Most stop what they are doing to gaze at you, some pause and preen as though they are used to tourist cameras while others put on a fantastic running show — leaping over roads, through the brush or creating dust clouds as they escape from our path.
Birds are plentiful, spending their days alongside other four-legged creatures. We get to see a pair of African fish eagles silently wait in the trees, stalk their prey and swoop down, snatching it with their beaks and flying away with it. Maribou storks, saddlebill storks, hammerkop, open-billed storks and egrets are usually found near the muddy pools of the hippos and crocs. The hippos allow the birds to ride their backs in return for cleaning their wounds.

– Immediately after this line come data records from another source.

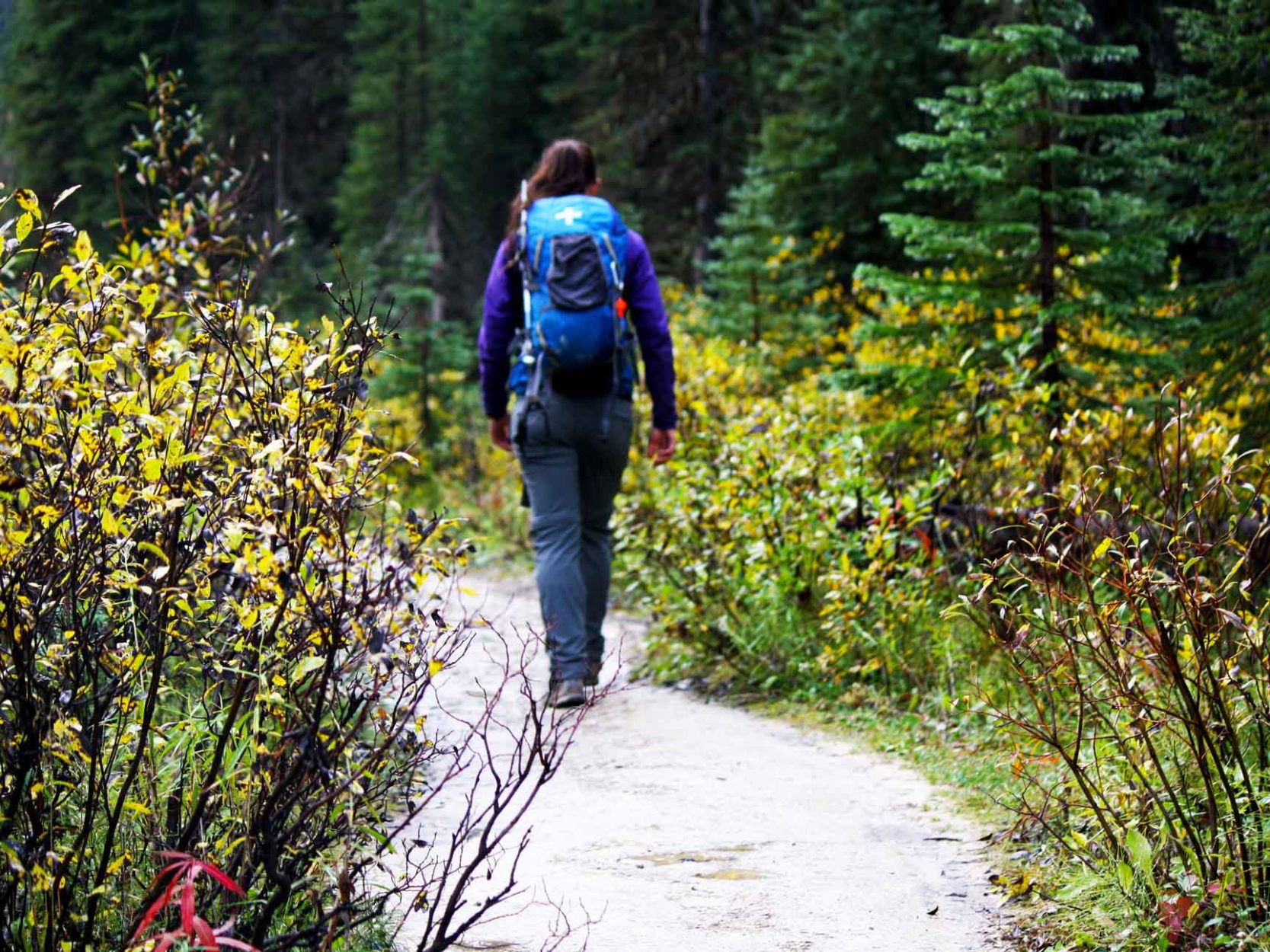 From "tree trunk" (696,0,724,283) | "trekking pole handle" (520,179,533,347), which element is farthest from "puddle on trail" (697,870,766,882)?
"tree trunk" (696,0,724,283)

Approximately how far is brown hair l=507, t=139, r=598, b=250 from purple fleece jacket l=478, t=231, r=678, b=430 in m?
0.27

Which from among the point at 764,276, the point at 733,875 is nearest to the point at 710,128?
the point at 764,276

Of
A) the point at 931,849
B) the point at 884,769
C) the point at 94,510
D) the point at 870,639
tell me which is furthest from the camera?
the point at 870,639

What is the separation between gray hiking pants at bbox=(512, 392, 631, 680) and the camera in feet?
18.8

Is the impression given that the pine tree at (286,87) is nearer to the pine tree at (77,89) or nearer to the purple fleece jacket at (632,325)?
the pine tree at (77,89)

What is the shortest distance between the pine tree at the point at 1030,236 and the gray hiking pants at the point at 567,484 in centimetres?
147

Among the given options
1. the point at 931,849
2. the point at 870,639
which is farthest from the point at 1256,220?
the point at 931,849

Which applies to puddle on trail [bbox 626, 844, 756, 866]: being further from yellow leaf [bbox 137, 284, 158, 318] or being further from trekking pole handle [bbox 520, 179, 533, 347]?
trekking pole handle [bbox 520, 179, 533, 347]

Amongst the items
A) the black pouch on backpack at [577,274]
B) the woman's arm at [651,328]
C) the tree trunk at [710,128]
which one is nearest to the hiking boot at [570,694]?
the woman's arm at [651,328]

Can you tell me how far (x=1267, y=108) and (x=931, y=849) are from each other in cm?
380

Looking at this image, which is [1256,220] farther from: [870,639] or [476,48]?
[476,48]

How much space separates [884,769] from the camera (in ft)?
15.2

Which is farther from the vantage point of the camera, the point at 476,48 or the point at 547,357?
the point at 476,48

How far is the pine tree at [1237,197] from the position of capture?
5555 millimetres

We see the circle of life in action as an older hippo carcass lies in a well-worn path. White-backed vultures and palm nut vultures swarm it, picking at what is left of the head — hyenas have already picked clean the rib cage, Lithgow said. “It is pretty fresh” he said. “There is not that putrid smell of death yet.” He inches the Land Rover closer to pause, and allow us to watch the action. A larger group of vultures, fed and satisfied, are sleeping off to the side.
Each day we search for lions, but they elude us. Sadick and Lithgow are looking in the trees and their usual stomping grounds — but we come up empty-handed. We try an area once used by hunters that the park has annexed. Sadick spots lion excrement that is not too old. It is a lesson in having our guides check the area first before we exit the Land Rover for morning tea. Our break area puts us close to a herd of hippos that are hiding less than a half mile down in the brush. The lack of water have pushed them into an area that will hide and shade them. A lone hippo plods by with a few birds riding along on its back.
“Hippos are fast. They can kill you. More people are killed by hippos than lions,” Lithgow warns us to stay near and not venture too far onto the plain.
My grandmother was hoping I would see the cats, as this is her third trip with Lithgow, and she has previously spotted them on the other two.
“Oh well. You will just have to come back again,” he said with a grin.
LIZ WISHAW: 253-597-8516, @LIZWISHAW
GETTING THERE
Tourist visa: $100 for U.S. citizens. It can be paid on arrival in Tanzania or ahead of time through the consulate. tanzaniaembassy-us.org.
International travel: Checking routes, carriers such as Delta, Emirates, KLM, British Airways, Lufthansa, Kenya and Swiss, all fly from Seattle to Dar es Salaam. Flights range from $1,550-$2,635 with travel time taking 23 to almost 48 hours.
Overnight accommodations: Available in Dar es Salaam. We stayed at the Southern Star (1 Garden Ave., PO Box 80022, Dar es Salaam, 0000, Tanzania, 800-491-9657) on arrival and departure. Prices average $200-$250 per night, depending on the time of year. tsogosunhotels.com.
Flights to Katavi Park: Available out of Mwanza three times a week (Mondays, Thursday and Sundays) at 9 a.m. through Auric Air. Returns from Katavi occur on the same days at 12:30 p.m. auricair.com.
Tanzania by Firelight: The Lithgows can customize your safari to include stops at Katavi National Park, Mahale Mountains and trek with gorillas in Rwanda. Packages start from $6,000 and includes internal flights, transfers to and from all airports, hotels and camps, accommodations, meals, park fees, alcoholic beverages and daily laundry service at their properties. Extra fees are possible with beverage and laundry at other properties. 800-524-7979, tanzaniafirelightsafaris.com.